Wilson Pacoricona
Nos sentamos y abrimos un libro, digamos, los cuentos de Stevenson. Ya podemos optar por El club de los suicidas o por La puerta del señor de Malétroit o por Janet la contrahecha. Nos demoramos lo que demoramos al ver una película –quizá una película de los hermanos Coen– y, al terminar, nos embarga una felicidad que se redondea plena, que se ha regodeado en nuestras emociones y ha vagado en nuestros sentimientos, llegando a su fin, o a su aparente fin. Nada como un buen cuento, un buen cuento que se lee de un tirón, sin espacios, leve, hipnótico… Hasta Hitchcock trabajaba sus películas como cuentos, esas películas guiadas sólo por un hilo que nos conduce a soportar sólo un efecto.
El cuento es modélico en los géneros modernos, pues siempre es moderno. Jamás puede estar en crisis. Se parece tanto a un poema… Reúne la precisión, la brevedad, crea un ambiente que nos conducirá a un clímax…
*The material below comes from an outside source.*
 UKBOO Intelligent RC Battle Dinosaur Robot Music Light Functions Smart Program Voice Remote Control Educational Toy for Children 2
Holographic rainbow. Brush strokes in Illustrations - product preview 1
Si la literatura es viaje, el cuento comporta el viaje más corto, el que se hace sólo para restituirnos del cansancio diario, el que nos lleva a lugares cercanos y conocidos, para extendernos a nuestras anchas; y, como todo viaje corto, lo que en él tenemos que invertir es bien poco, pero, paradójicamente, lo que obtenemos es de un valor enriquecedor.
Cuando uno lee un buen cuento lo hace sin la intención de instruirse, con el único propósito de poseerlo y de gozarlo; es pues el placer el único guía. Aunque algunos vean en Casa tomada un cuento de denuncia, lo cierto es que esa deducción es secundaria, elaborada, ya que sólo para quien conozca la historia argentina tendrá ese significado. En cambio, para un lector que busca el mero placer, sólo encontrará –y mejor que sea así– un delicioso cuento fantástico.
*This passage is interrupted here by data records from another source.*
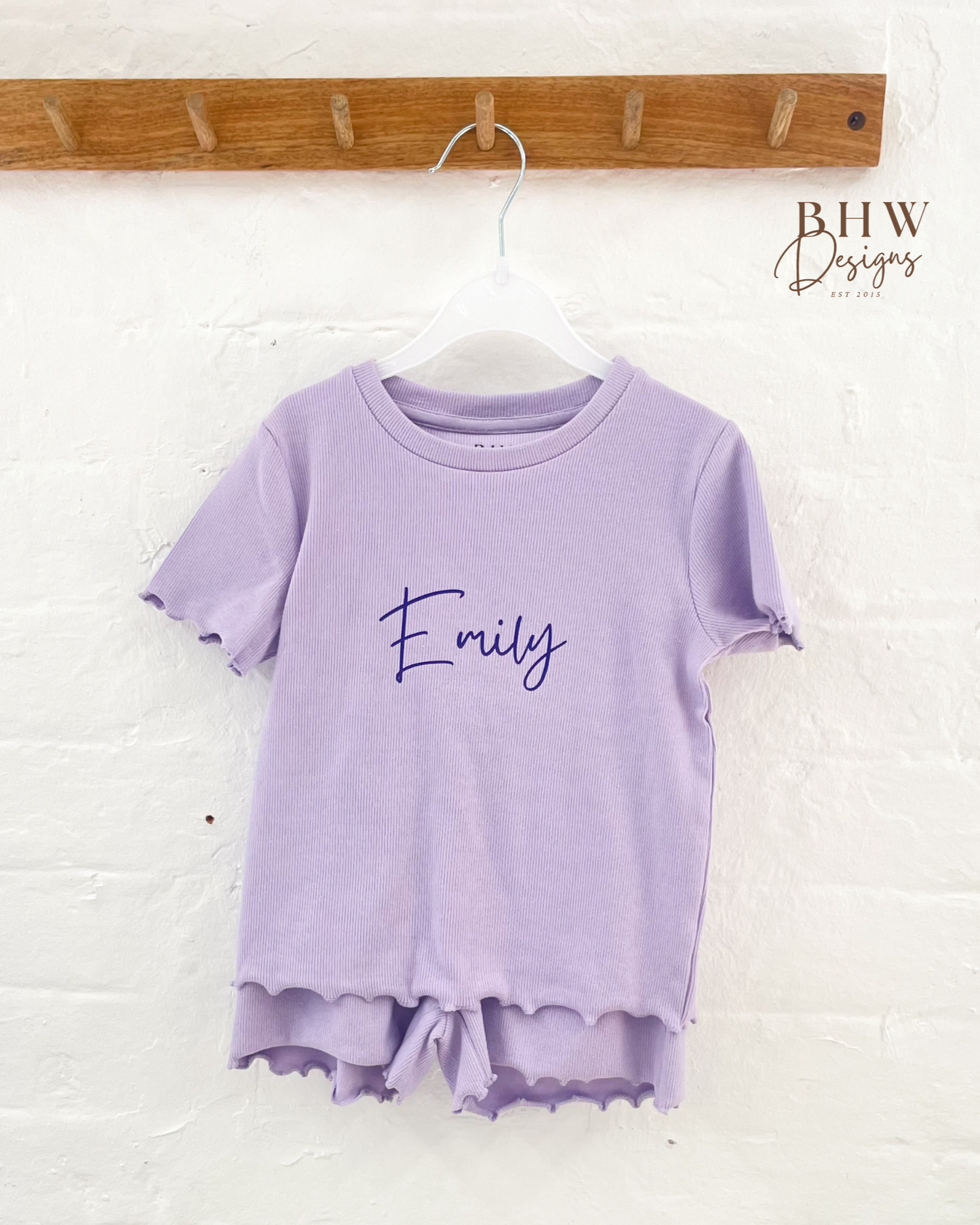 Girl's Ribbed T-shirt and Short Set - Lilac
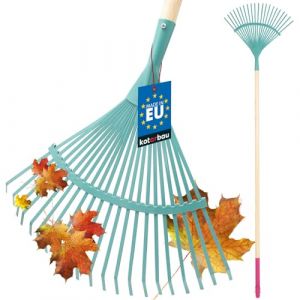 KOTARBAU&reg; R&acirc;teau Robuste 440 x 410 mm avec Manche R&acirc;teau &agrave; Feuilles rateau Jardin ramasse Feuilles mortes rateau a Feuille en Plastique Orange Balai Gazon rateau Feuilles Cailloux r&acirc;teaux (KOTARBAU, neuf)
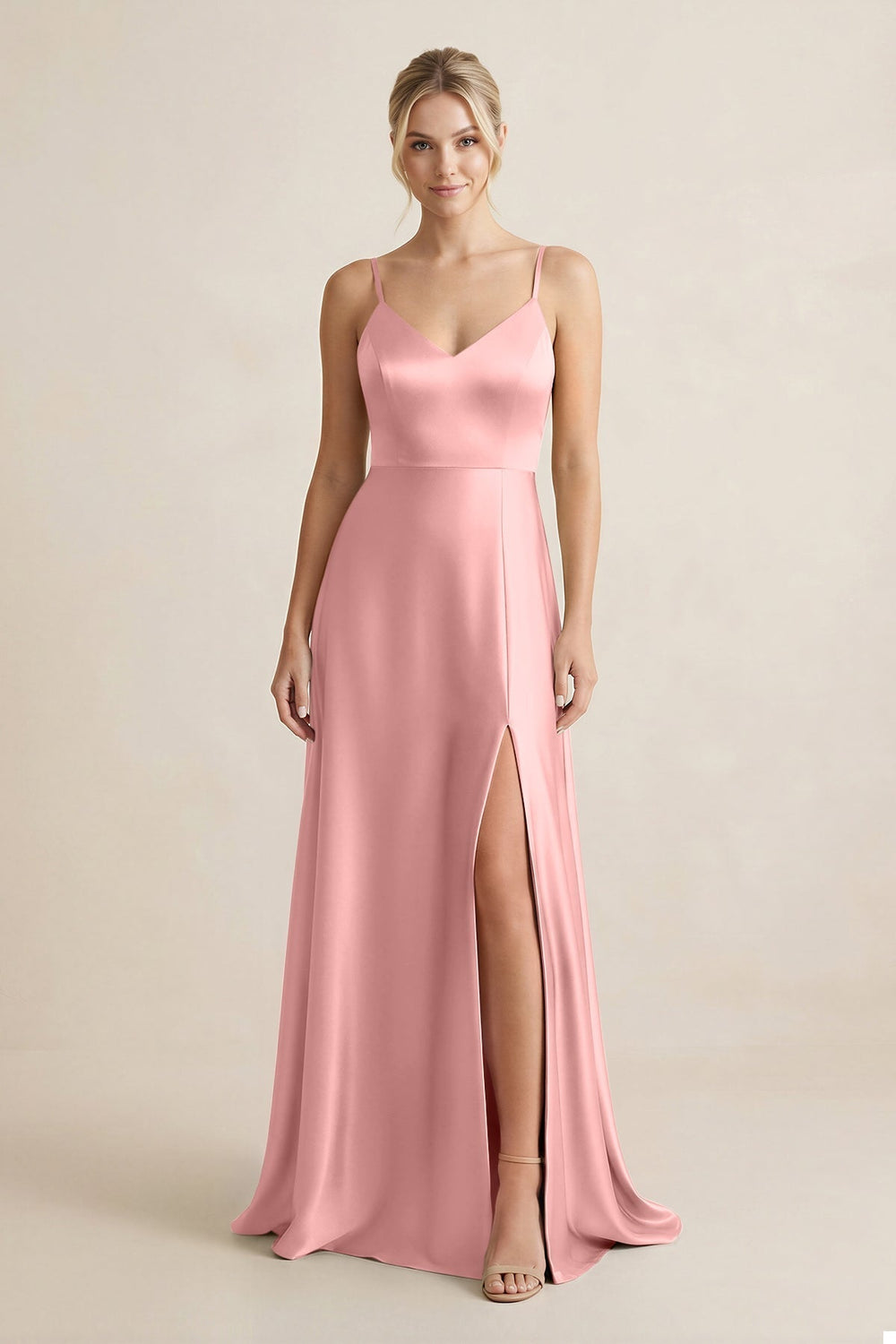 Cami Strap A-Line Shiny Satin Bridesmaid Dress in Rosette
Uno toma un libro y lee un cuento que puede contarse, es decir, que puede contarlo a otro. El cuento –y sólo el cuento– puede reelaborar la magia de la palabra dicha, elaborada para el oído, escrita para decirse, para sentirse por ese canal sensual y embriagador que conoce la palabra de primera mano, escuchándola, que la sabe diferente en cada boca que la pronuncia, que le produce una variación diferente de placer momentáneo, de ese placer a la vez sutil como la gran poesía y a su vez tan humilde y tan popular. Hay cuentos que se nos han contado por medio de amistades o por medio de parientes y que, pasado un tiempo, se nos han vuelto a contar. Y suele ocurrir que la primera narración gobierna las subsiguientes narraciones y ninguna aparte de esa primera experiencia nos parece tan buena. Entonces abrimos el libro, digamos, los cuentos de los hermanos Grimm y leemos para nosotros. Sólo esa lectura puede competir con la historia de Blancanieves que conocíamos y nuevamente vemos la imagen que dictan esas palabras primeras:
«Una vez en medio del invierno, cuando los copos de nieve caían como plumas, estaba una reina cosiendo junto a una ventana que tenía un marco de negra caoba. Y mientras estaba cosiendo y miraba la nieve se pinchó con la aguja en el dedo y cayeron tres gotas de sangre en la nieve…»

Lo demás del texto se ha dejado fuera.